Poker Networks consist of 2 or more poker sites who share the same software, cashier options, tables and games while marketing to their own players. This allows new poker sites to share operating costs in order to compete with industry giants like Full Tilt and Poker Stars, who both own their own software and as such are not part of an online poker network.
The most popular poker networks are available internationally, and three major networks are available to US poker players for real money depositing. The most popular poker networks are:
Ongame Network – Extremely popular network in Europe and Canada, players are attracted by the bottomless reload deposit bonuses and loyalty programs.
Ipoker Network – Exploding in popularity internationally but not available to US players.
Microgaming Network – Medium sized network that is not available to US poker players.
Cake Poke Network – Popular poker network for cash game players, US players accepted and exploding in popularity with the addition of Doyles Room in mid-2009.
Cereus Poker Network – US allowed, Absolute Poker and Ultimate Bet are the only two poker sites on the Cereus Network and is 3rd ranked US poker site behind Stars and Full Tilt.
Boss Media Network – Small network that mostly exists for casino players, mostly popular with cash game recreational players.
Merge Poker Network – Growing but small network with great promotions geared towards low and middle stakes cash game and tournament players. Merge accepts US players and has made significant software improvements recently.
888 Network – Pacific Poker and the new brand LuckyAce are the two sites on this medium sized network that is extremely popular in Canada.
I personally think poker networks are great, it makes it easier for investors to open more poker sites that compete with other sites on promotions and value programs, instead of focusing on deposit and withdrawal processing setups and software development.
In coming years we are likely to see some poker networks go bankrupt while others stay in the market and thrive. We find all networks to be safe and secure, and more poker sites on networks will lead to bigger and better promotions to all real money online poker players.

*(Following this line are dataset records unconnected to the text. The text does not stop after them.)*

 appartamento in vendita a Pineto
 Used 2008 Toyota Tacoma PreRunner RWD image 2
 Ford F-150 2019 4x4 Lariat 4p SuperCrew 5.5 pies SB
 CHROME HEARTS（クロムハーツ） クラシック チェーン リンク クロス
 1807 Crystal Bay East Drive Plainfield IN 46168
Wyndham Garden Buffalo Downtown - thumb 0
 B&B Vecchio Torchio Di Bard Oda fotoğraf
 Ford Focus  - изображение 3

As a player I like to sign up at poker sites on shared networks because I can make a deposit, claim a new bonus, and clear it before moving on to follow the same process at another poker “skin” on the network.
Even if I am only capable of playing “break even poker” by not winning or losing much but instead playing a lot of hands and keeping my bankroll about where it started, clearing the deposit bonus will add thousands of dollars in profit to my account.

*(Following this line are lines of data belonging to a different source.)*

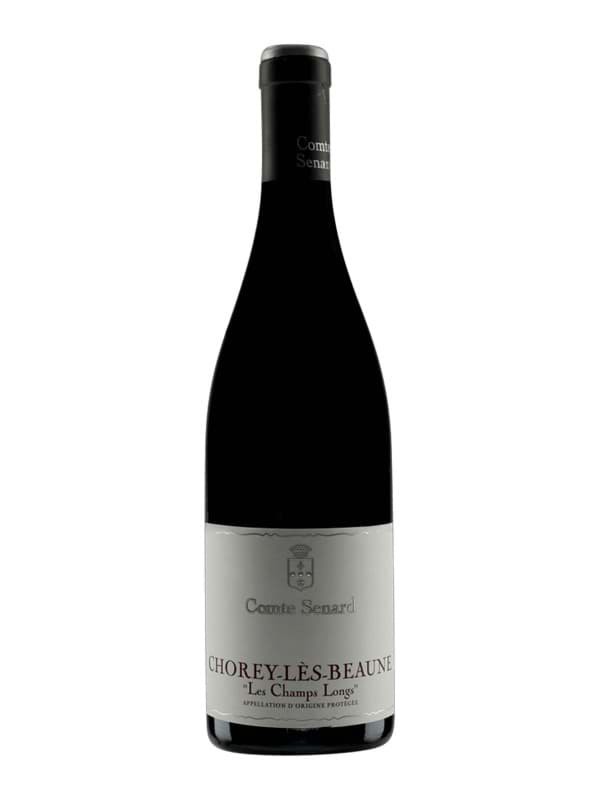Domaine Comte Senard Chorey les Beaune Les Champs Longs 1 Domaine Comte Senard Chorey les Beaune Les Champs Longs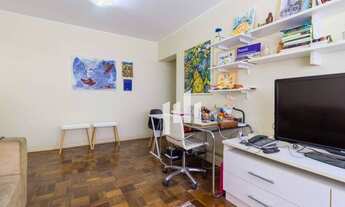 Imagem 2: Apartamento com 3 dormitórios à venda, 90 m² por R$ 800.000,00 - Itaim - São Paulo/SP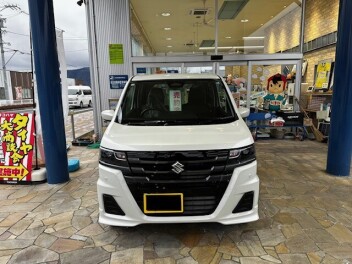 納車式！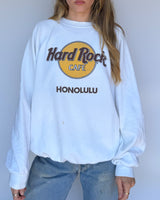 Hard Rock Honolulu - XL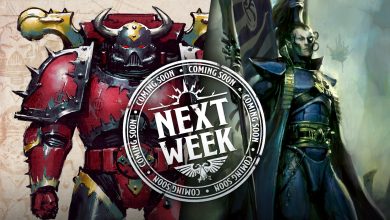 Sunday Preview – Ahoy me hearties, space pirates inbound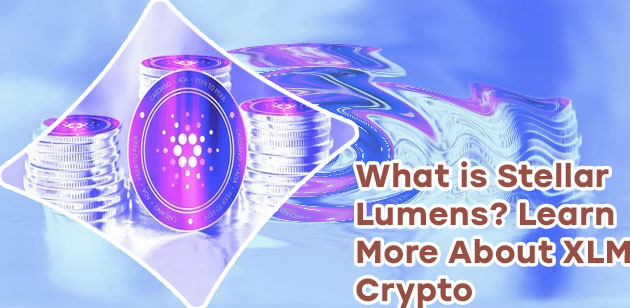 What is xlm crypto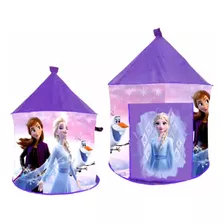 Castillo Infantil Frozen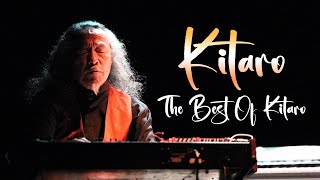 喜多郎シルクロードフルアルバムベストオブ喜多郎  Kitaro Silk Road FULL ALBUM The Best Of Kitaro [upl. by Wallraff814]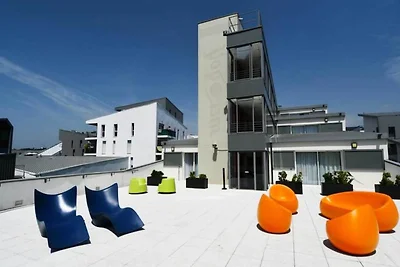 Sea & Golf Apartment Bordeaux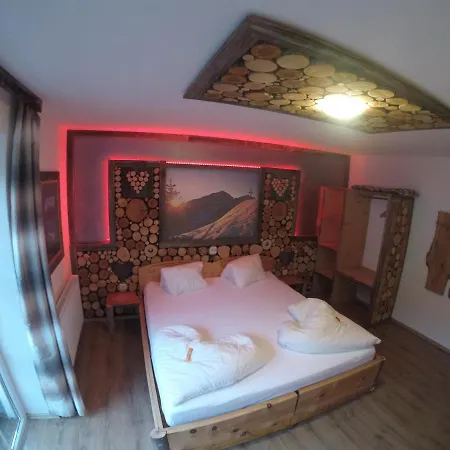Apartamento Alpin-sportiv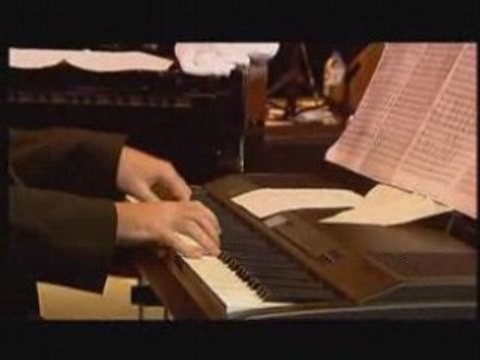 Jean Guidoni - Huma 98 - Djemila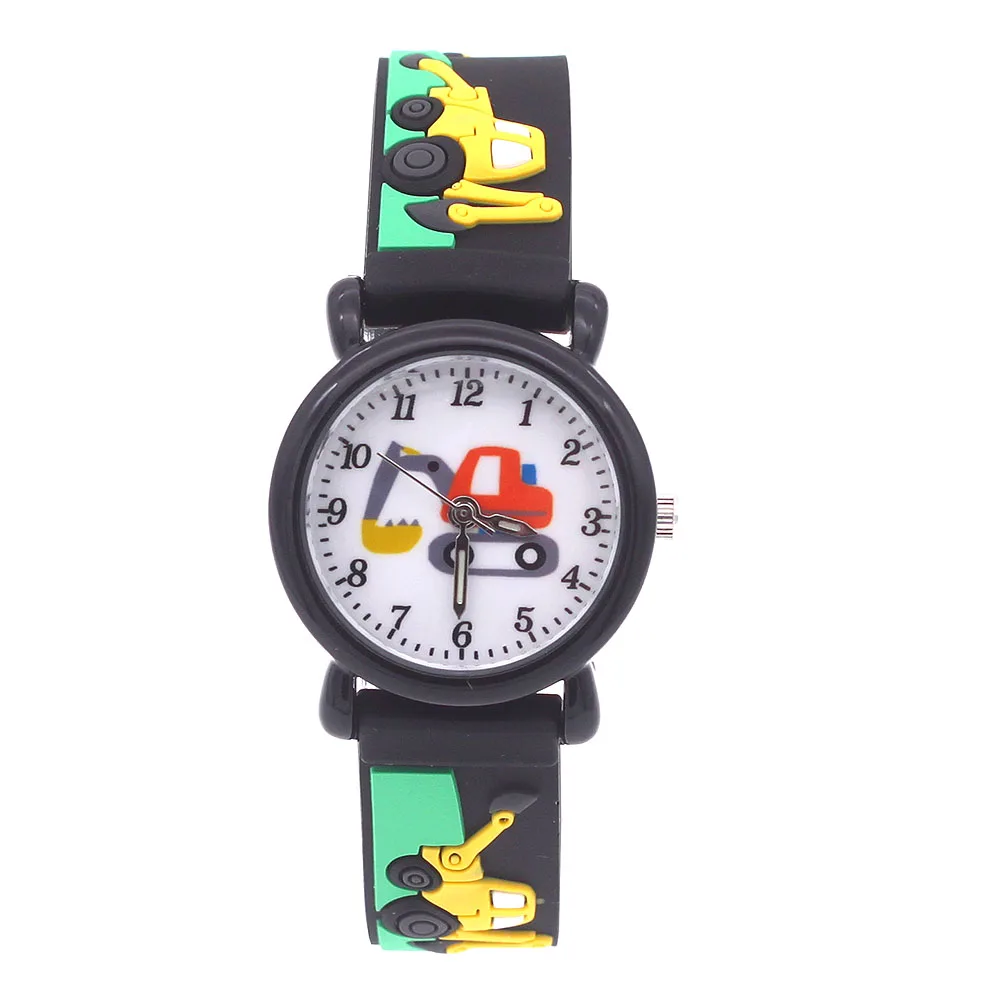 นาฬิกาข้อมือเด็ก - นาฬิกาเด็กก - Vintage Watch Crystal บทวิจารณ์และราคา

Smart poker players will do this over and over again. There is a few new poker networks on the market, Everleaf for example. We hope to see the network succeed, as they do allow American players and deposits. The software is great but marketing is a bit slow on all skins, which seem to mostly be focusing on rakeback grinders from the United States who have fewer poker network choices than their international counterparts.
The poker network is here to stay, and we hope upcoming legislation in the United States will help encourage some major land based casinos to join an existing network instead of creating their own competitive “stand alone” poker network like Poker Stars and Full Tilt have done, but only time will tell.